Question: The acceleration experienced by a moving boat after its engine cut-off, is given by: \[a = - k{v^3}\...

Question

The acceleration experienced by a moving boat after its engine cut-off, is given by: $a = - k{v^3}$ where $k$ is a constant.

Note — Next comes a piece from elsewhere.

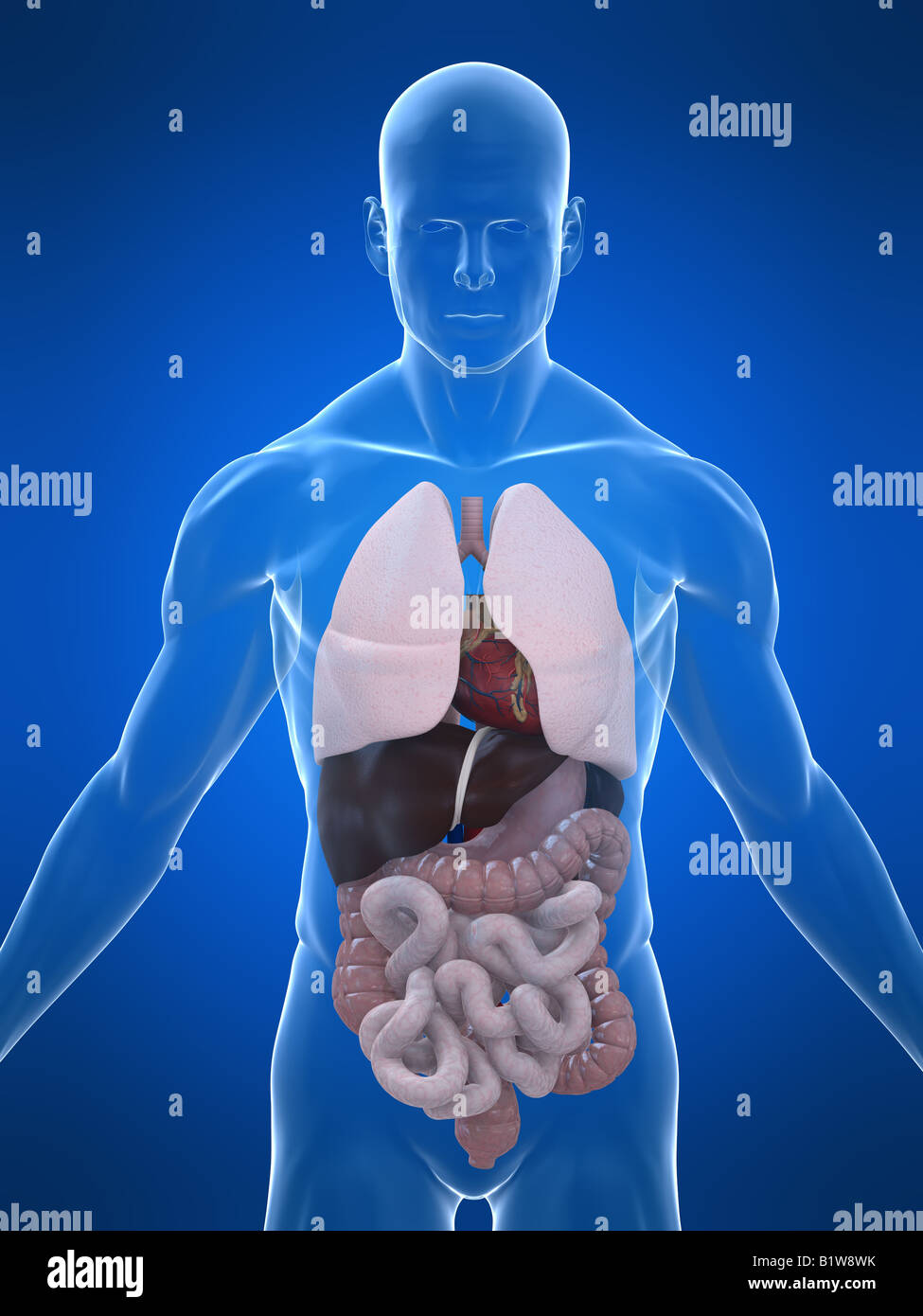 human organs Stock Photo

If ${v_0}$ is the magnitude of velocity at cut-off, then the magnitude of the velocity at time t after cut-off is:-
A. $\dfrac{{{v_0}}}{{2ktv_0^2}}$
B. $\dfrac{{{v_0}}}{{1 + ktv_0^2}}$
C. $\dfrac{{{v_0}}}{{\sqrt {1 - 2ktv_0^2} }}$
D. $\dfrac{{{v_0}}}{{\sqrt {1 + 2ktv_0^2} }}$

Answer 1

Solution

Initial velocity is the velocity at which time is zero. Acceleration is the time derivative of the velocity of the object. Integrating variable separable differential equations gives the value of unknown.

Formula used:
We have a relationship that is, the relation between acceleration and velocity, that is,
$a = \dfrac{{dv}}{{dt}}$ …………..(1)

Formula used:
Here we are asked to find the final velocity where initial velocity is given as ${v_0}$ and acceleration is given as $a = - k{v^3}$ . Substituting this value into (1) equation we get,
$\dfrac{{dv}}{{dt}} = - k{v^3}$ arranging in variable separable form,
$\dfrac{{dv}}{{{v^3}}} = - kdt$ integrating on both sides gives,
$\int {\dfrac{{dv}}{{{v^3}}}} = - \int {kdt}$
$\dfrac{{ - 1}}{{2{v^2}}} = - kt + C$ ………….(2), to find the value of integrating constant $C$ , we want to find the velocity at the time $t = 0$ , that is at initial velocity.
$\dfrac{{ - 1}}{{2v_0^2}} = C$ …………(3)
Hence substituting (3) in (2) gives,
$\dfrac{{ - 1}}{{2{v^2}}} = - kt - \dfrac{1}{{2v_0^2}}$
rearranging and taking common $- 1$ from both sides we will get,
$2{v^2} = \dfrac{1}{{kt + \dfrac{1}{{2v_0^2}}}}$
again rearranging we will get as,
$2{v^2} = \dfrac{{2v_0^2}}{{1 + 2ktv_0^2}}$
canceling common $\;2$ and taking square roots we get the final velocity as,
$v = \dfrac{{{v_0}}}{{\sqrt {1 + 2ktv_0^2} }}$
Hence, option D is correct.

Note:
Here acceleration is negative. Negative acceleration is known as deceleration or retardation
Retardation acts in the opposite direction of motion and reduces the velocity.
Partial derivatives should be used when acceleration depends on more than one variable. But here acceleration is only the function of velocity.